Please give the listing again in full, leaving out its images.

%%

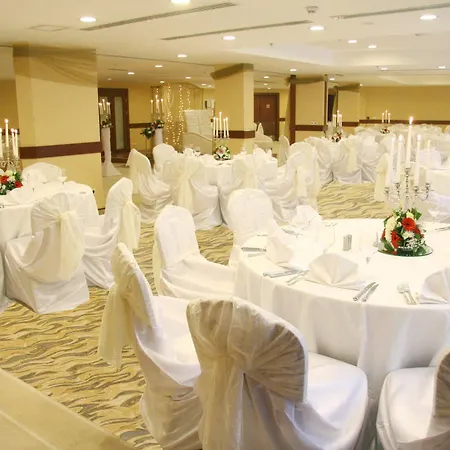 Hotel Midi 4*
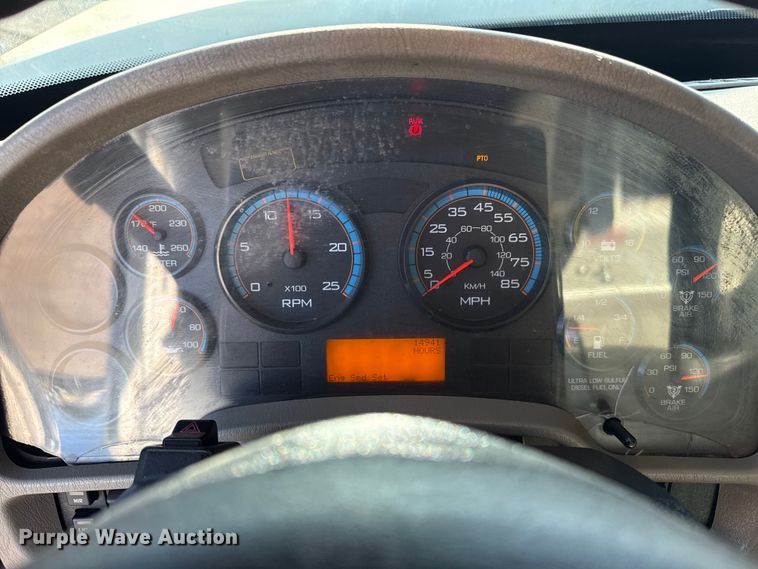 image for item EG2149 2010 International 7600 crane truck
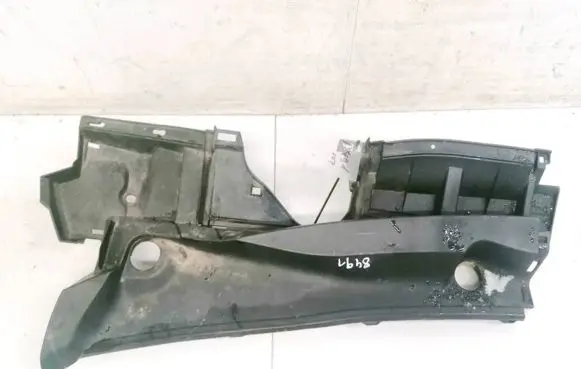 Toyota Corolla E140 E150 Wiper trim 5570912110 55709-12110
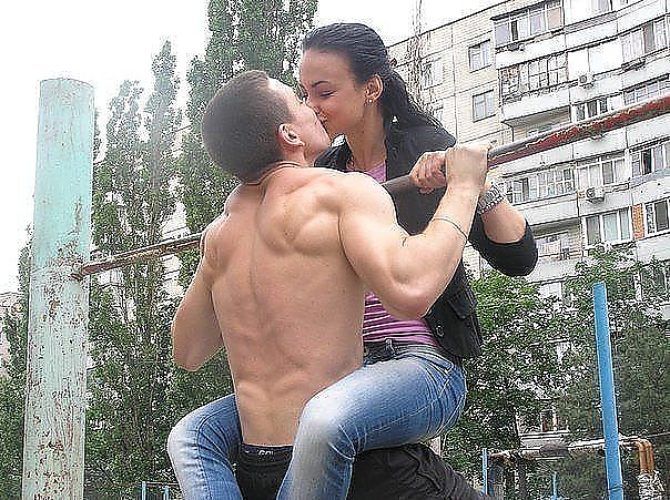Качок удачно заехал на ночь к девочкам Качок удачно заехал на ночь к девочкам
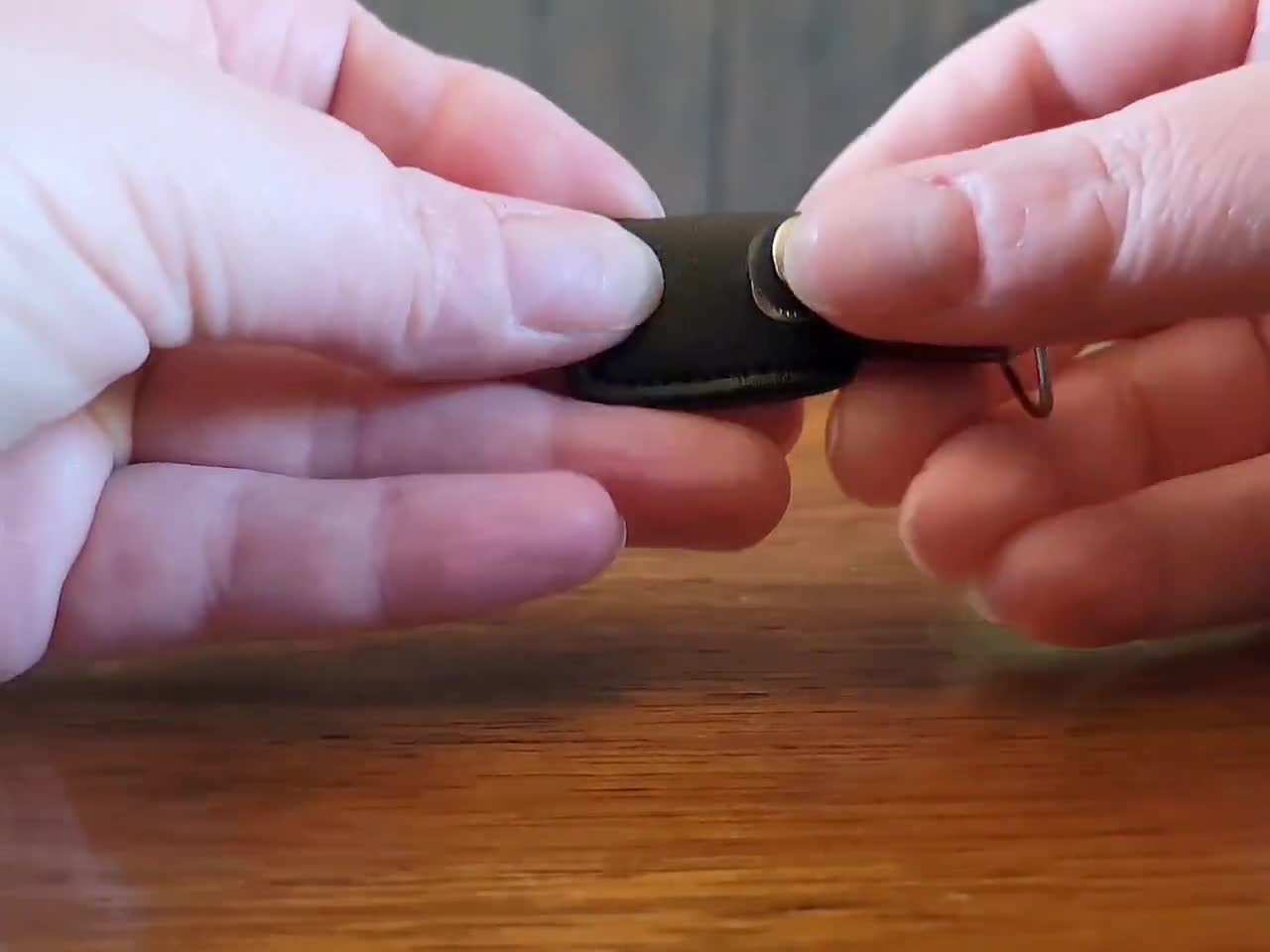 https://v.etsystatic.com/video/upload/q_auto/Minature-Kitchen-Knife-Set_1_uc1rzc.jpg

%%

> _Answer space_:
 Hotel Midi 4*
 image for item EG2149 2010 International 7600 crane truck
 Toyota Corolla E140 E150 Wiper trim 5570912110 55709-12110
Качок удачно заехал на ночь к девочкам Качок удачно заехал на ночь к девочкам
 https://v.etsystatic.com/video/upload/q_auto/Minature-Kitchen-Knife-Set_1_uc1rzc.jpg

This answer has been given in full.